Pandering 101
Anumber of Greenwich Village elected officials are raising hackles over the lack of space for a supermarket in a complex under construction by New York University on Mercer St., blasting NYU for supposedly reneging on a commitment to relocate a nearby Morton Williams to that site and leaving the area without an affordable supermarket.
They would be better off faulting the School Construction Authority, which took nine years to declare interest in building a public school at the NYU-owned Bleeker St. lot where the current Morton Williams sits, long enough for the university to have designed and begun construction on the Mercer lot. They might also want to look in the mirror, as they made the building of the school a political issue from the start, despite the SCA’s own apparent middling interest.
It appears they want to have their cake in aisle 9 and to eat it too, before getting to the checkout. The supermarket is set to be decommissioned to make way for the school they pushed for, but local leaders insist on having the Morton Williams, too.

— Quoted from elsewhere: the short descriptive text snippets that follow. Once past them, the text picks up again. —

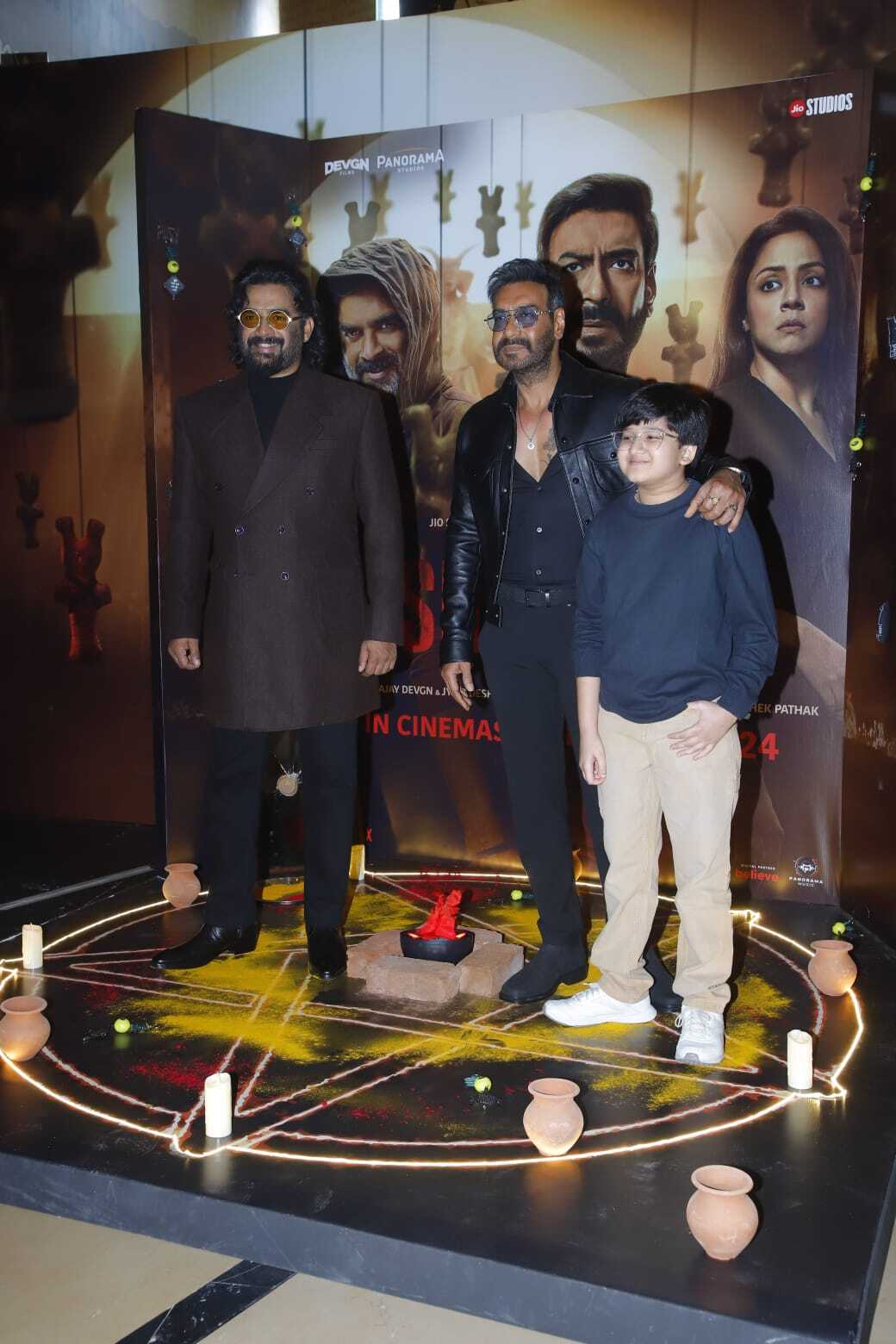 R Madhavan and Ajay Devgn at the trailer launch of their upcoming film Shaitaan.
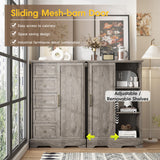 Vabches Farmhouse Dresser Storage Cabinet Chest of Drawer for Bedroom, 5 Drawer Dresser with Sliding Barn Door, 48" Tall Wood Rustic Dresser for Bedroom, Living Room, Entryway, Hallway, Washed Grey Vabches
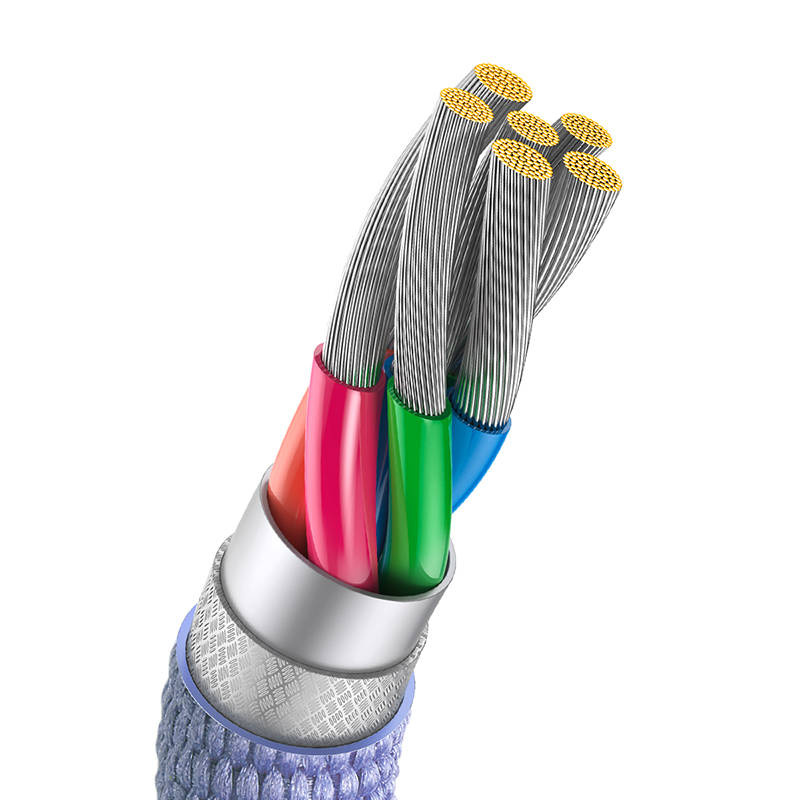 Baseus Crystal Shine USB-A/USB-C Cable 5A, 1.2m (purple)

This would have been possible had the SCA declared its interest by 2014, as the original zoning agreement called for. However, the agency asked for two extensions to this deadline, which NYU graciously granted.
What NYU couldn’t do was put the entirety of its construction plans on hold for years while the SCA made up its mind, which is why it ended up starting construction on the Mercer building in 2017, nearly five years after that initial agreement, without the supermarket space, despite having initially indicated that the site might accommodate it. It seems that these electeds and community activists expected the university to construct a massive retail location — cutting into its own academic space — on spec, without any indication that the Morton Williams would even need to be relocated.
At this point, it’s impossible to accommodate the supermarket without scrapping its plans completely and restarting the building process. Is that what they want?